L'émotion était immense samedi au Japon, après la victoire des Nippons face à l'Irlande (19-12), en phase de poules de la Coupe du monde de rugby. Nos reporters ont suivi l'événement depuis un bar de Tokyo.

Au Japon, on donne des numéros aux typhons par ordre d’apparition dans l’année. Alors que le numéro 18 s’approche des îles les plus au Sud de l’archipel, il faudra noter avec un gros chiffre 2, le succès du jour des Japonais face aux Irlandais à Shizuoka (19-12). Le deuxième après celui sur l'Afrique du Sud en 2015 (34-32).

Au No Side Club, le bar rugby le plus couru de Tokyo, le mot miracle revenait dans les bouches au coup de sifflet final: "J’ai beaucoup pleuré rappelle Mayumi. C’est magnifique." Dans les 35 m² aux murs décorés de maillots - dont un du XV de France et un autre de l’ASM Clermont-Auvergne - c’était salle comble juste avant le coup d’envoi. Des maillots nippons et quelques étrangers se serrent devant l’unique écran télé. Ça enquille des bières et des highballs (whisky et soda).

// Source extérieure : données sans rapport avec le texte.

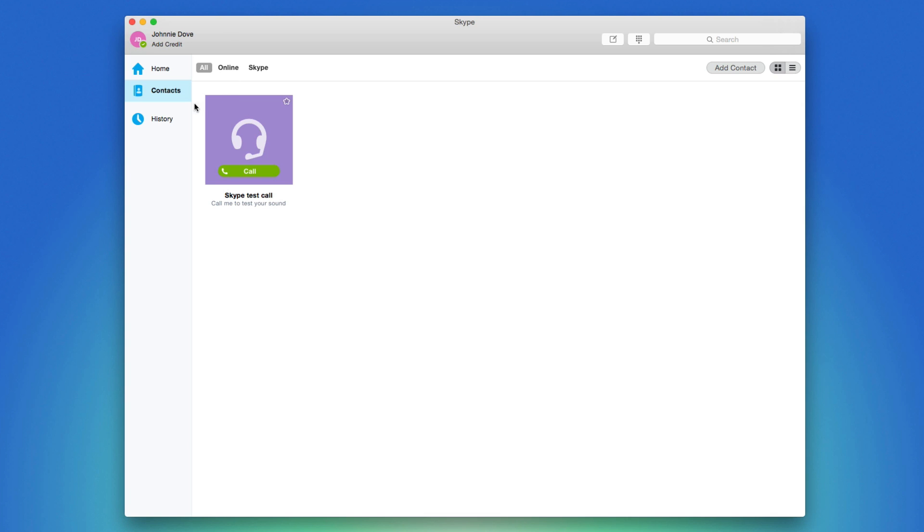It doesn't matter if you're on a Mac or Windows or mobile device, it'll all be the same. Then go down under Home and click on Contacts here, and then where you see Contacts there'll be a button up in the upper right hand corner that says Add Contacts.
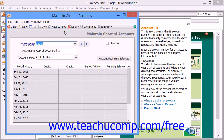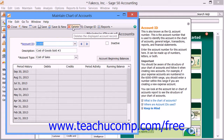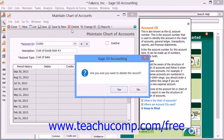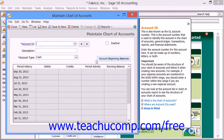To do this, simply select the account to delete within the Maintain Chart of Accounts window, and then click the Delete button in the Maintain Chart of Accounts window's toolbar. Then simply click the Yes button in the confirmation window that appears in order to delete the selected account.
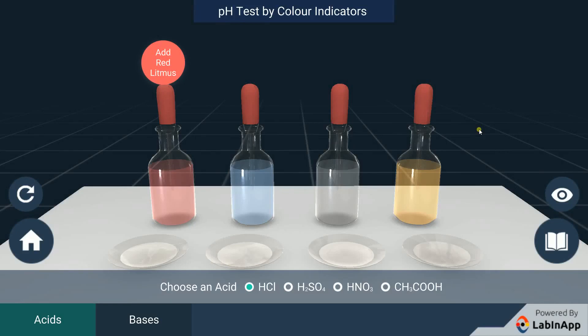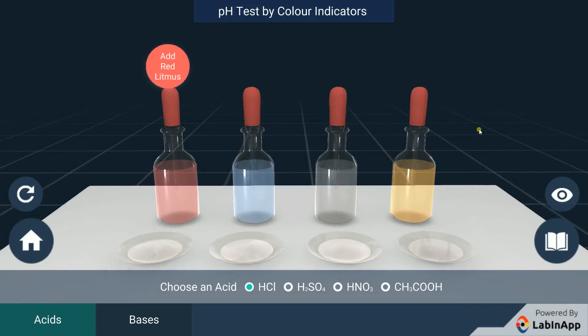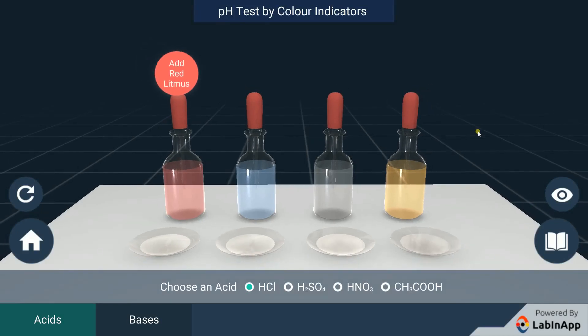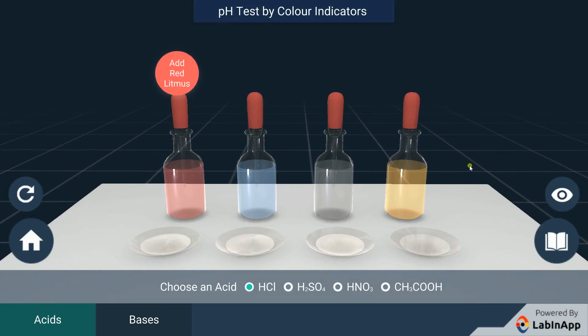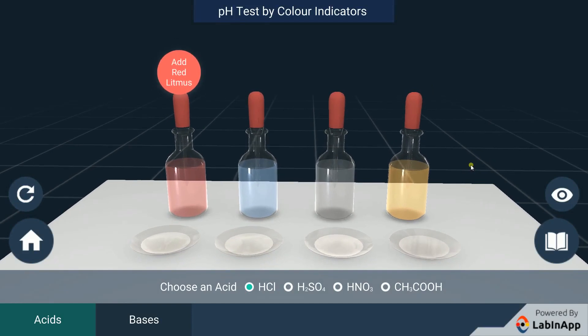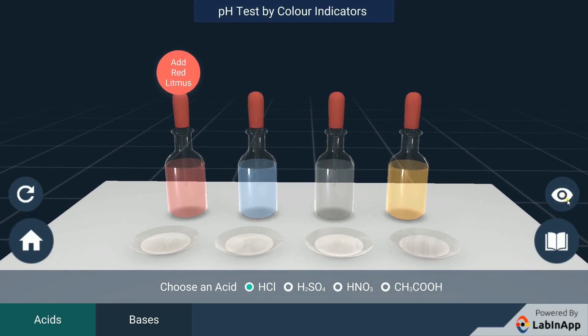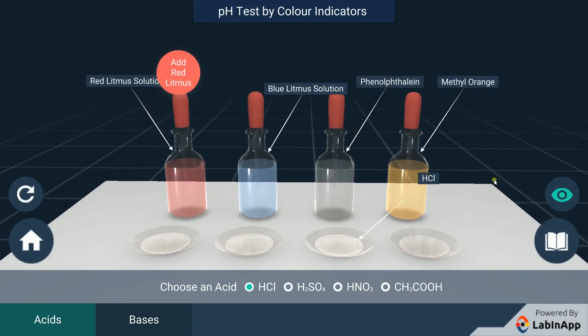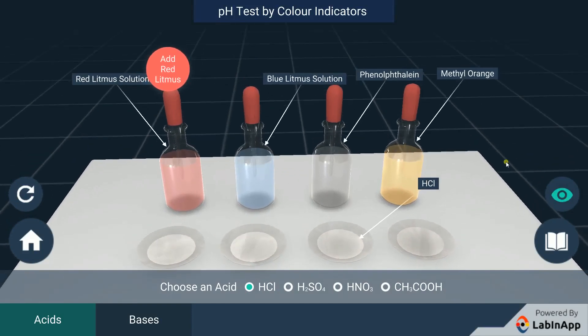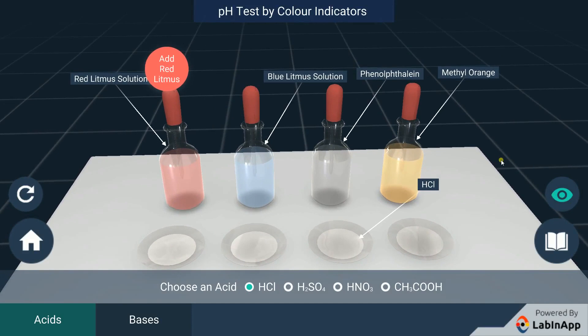Let's study how to identify acids and bases using red litmus solution, blue litmus solution, phenolphthalein and methyl orange indicators.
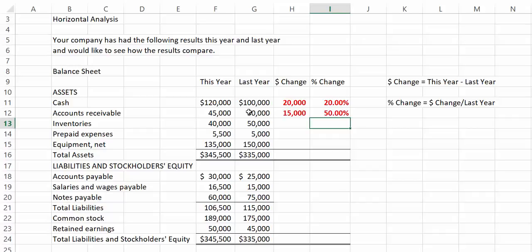Okay, hopefully you have calculated all of your dollar and percentage changes.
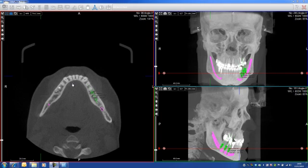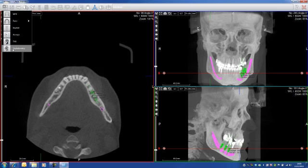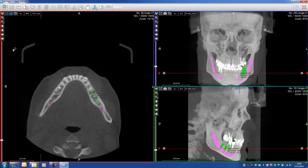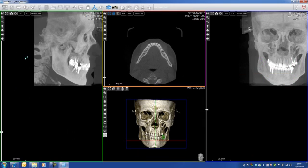Let's see this cephalometric module. This module is designed for orthodontists as well as maxillofacial surgeons. I simply go here, click cephalometry — it takes a little bit of time to load, and here we go.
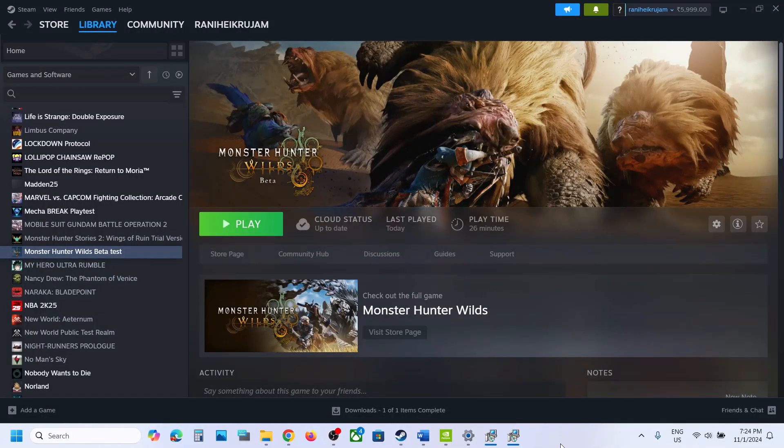Hello guys, welcome to my channel. Today in this video I'm going to show you how to fix when audio is not working with a game on your Windows computer.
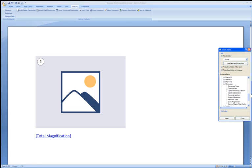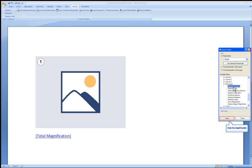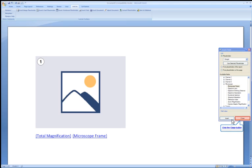Let's insert one more field from the microscope list. Choose Microscope Frame. Click Insert to place the field. We can now close the Insert Field tool window.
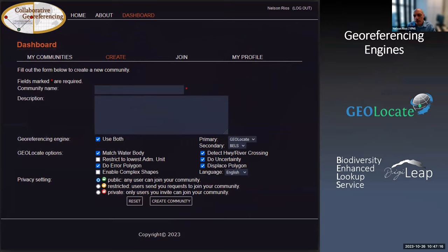We now have the ability to link into other geo-referencing engines. When data get automatically geo-referenced, it doesn't all have to be done by GeoLocate — you can push your data to the Bells service, or use only Bells, or use GeoLocate and then Bells. You can chain them or run them sequentially. There are lots of different options for how you create your geo-referencing pipeline. In the future, we're hoping that if other geo-referencing engines or algorithms are developed, some kind of standard for how these services communicate can arise so we can integrate different services.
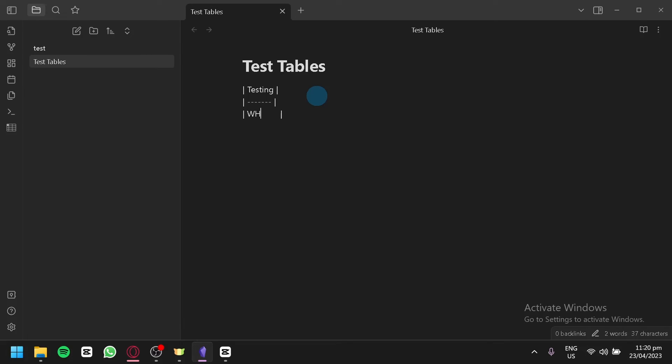Just like that and you would be able to create your table. And that's it guys, hope you enjoy the video. Thanks for watching.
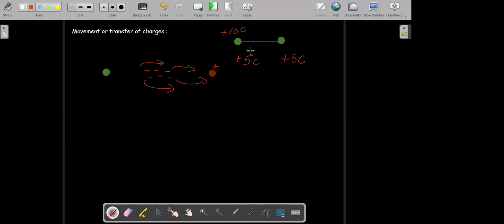Why are we using a wire here? Because a wire is a conductor. Through a conductor, electrons pass easily. Conductors offer an easy path to the transfer of electrons.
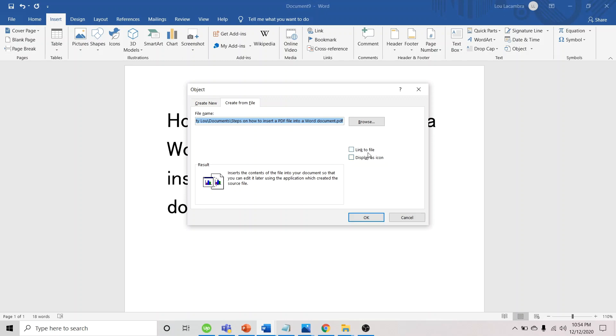When we choose Display as Icon, only the PDF file icon will be displayed together with its file name.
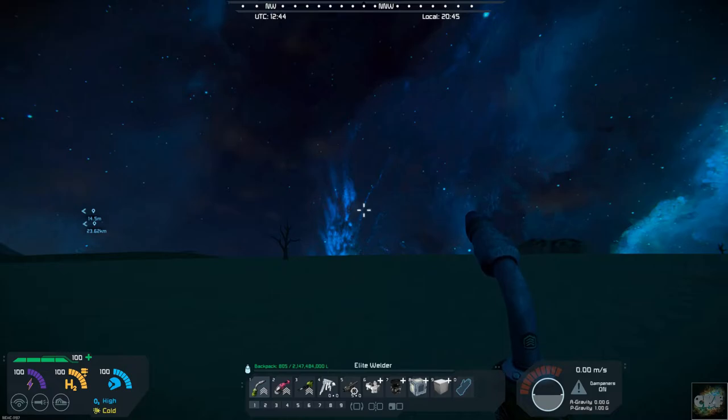Hello, all you space engineers out there, Commander Kingfish here, and it is Mod Wednesday.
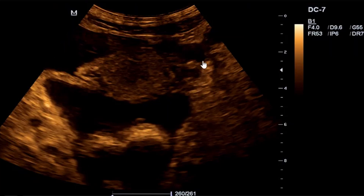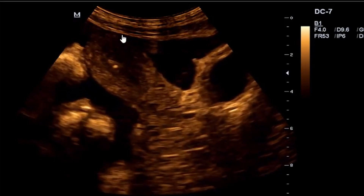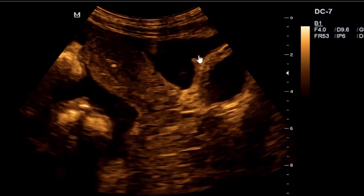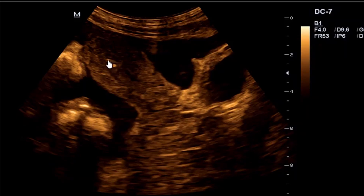Our uterus here is floating in this free fluid. Again, in longitudinal section, you can see here is our uterus, and you can see this anechoic free fluid here. We have our bowels here, and what we are seeing here is our urinary bladder. Inside the uterus, we are seeing these internal echogenic particles.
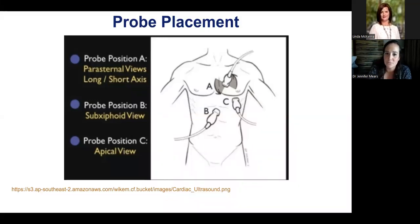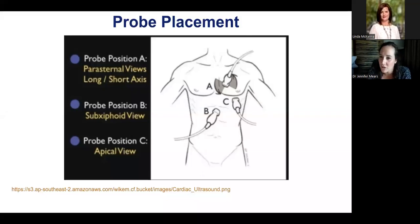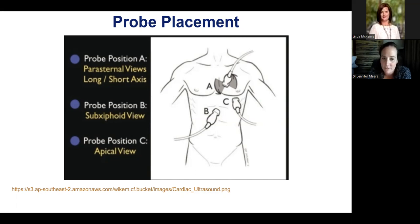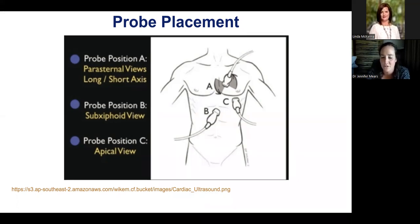Looking at probe placements: position A is between the third and fourth intercostal space, just to the left of the sternum — this gives both the parasternal long and parasternal short views. Probe B is the subxiphoid or subcostal four view, literally just below the xiphoid process where you flatten and look up under the ribs. Probe C is the apical view — commonly the apical four, though there are also apical two, three, and five views depending on what segments of the aortic tree you want to evaluate.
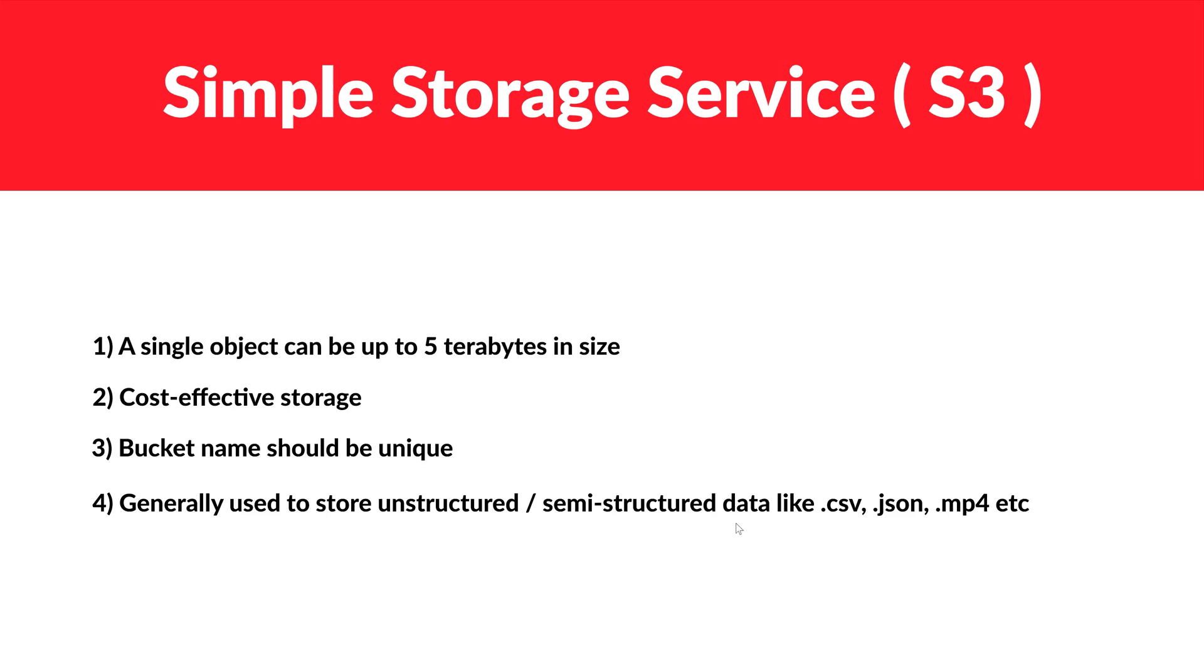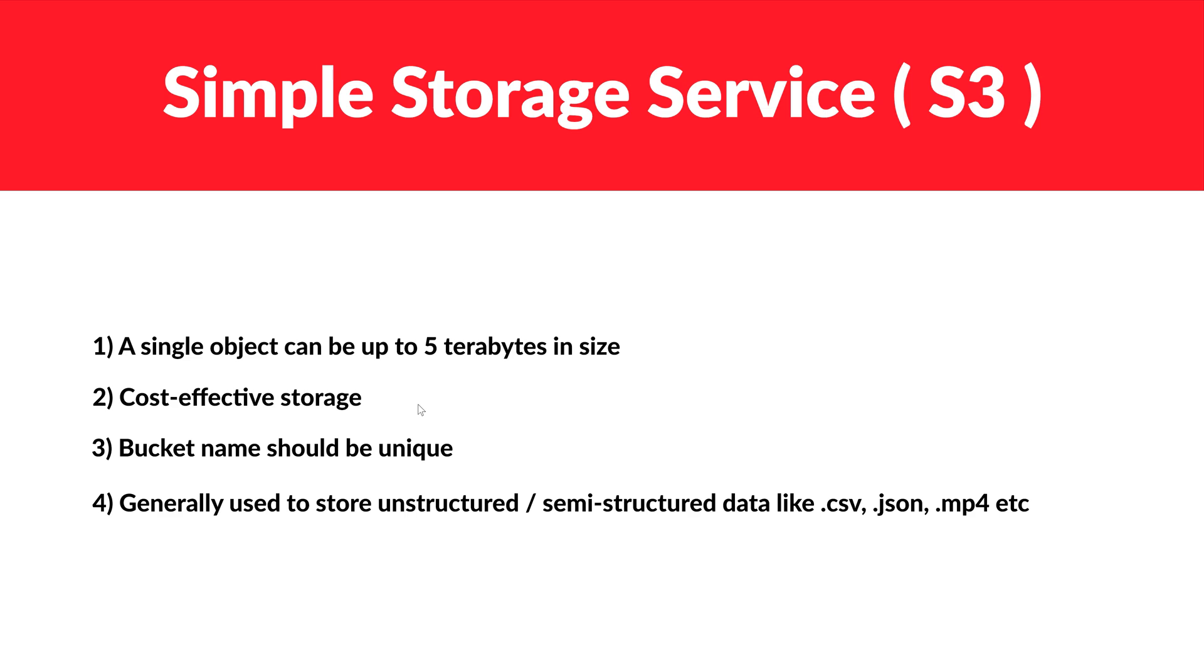Let's go through some theory part. A single object can have up to five terabytes in size. This is as per the latest documentation. These numbers I've seen with my experience change from time to time; they might increase in future. Any kind of cost-related question with respect to storage, then S3 is the cost-effective solution. Why is it cost-effective? Because we can use lifecycle policies where we can move objects from standard tier to archive tier. We'll look at these things in a while in hands-on as well.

"Michael Leitch va changer le Japon"

Les serveuses distribuent les paroles de l’air irlandais. Certains, comme Yoshimasa, se demandent comment il faut interpréter l’Ireland’s Call. Direction Youtube pour faire bonne figure quelques minutes plus tard. La première période est ponctuée de râles de dépit sur les essais irlandais et d’un giri giri (c’était proche ndlr), lorsque l’ailier japonais rate d’aplatir dans l’en-but. Yoshimasa est confiant devant la télé à la pause (12-9): "Michael Leitch a pu rentrer, ça va changer pur le Japon. Les Japonais vont gagner aujourd’hui et sortir de la poule." Bien vu.

Les Irlandais ne touchent plus la gonfle et les Nippon, Nippon sont repris en chœur. Mami, la quarantaine, coincée au fond de la salle, a chaud. Elle cherche un petit angle pour bien voir l’écran, bloquée par deux grands anglo-saxons: "Je me suis intéressée au rugby à partir de la Coupe du monde 2015. Mon préféré c’est Fumiaki Tanaka, le demi de mêlée remplaçant." Elle recommande un highball.

"Le miracle numéro 2"

Les téléspectateurs commencent à taper dans les mains. Masa, le patron, demande à tout le monde de donner de la voix même après une action ratée. Applaudissements. L’essai de Fukuoka fait basculer la soirée dans ce bar de Takadanobaba, quartier étudiant du Nord de Tokyo. Les larmes coulent sur certaines joues féminines mais aucun ne veut crier victoire trop vite. Le dernier rush de Fukuoka stoppé à 5 mètres de la ligne met le sceau "miracle numéro 2". Explosion, on se touche, on s’embrasse entre Japonais et Gaijin (étrangers).

"C’est incroyable. J’y croyais mais en face il y avait quand même l’Irlande qui est une équipe très forte. Je suis super heureux. Tout le monde est impressionné. C’est un rêve qui devient réalité une fois encore, quatre ans après avoir battu l’Afrique du Sud. Maintenant on veut aller en quart de finale et affronter les All Blacks", nous explique Masa, la voix cassée d’avoir hurlé dans un entonnoir. Pas question cette fois de rater les quarts comme en 2015. Le Japon avait été éliminé avec trois victoires, mais derrière l’Afrique du Sud et l’Ecosse. Masa offre une tournée.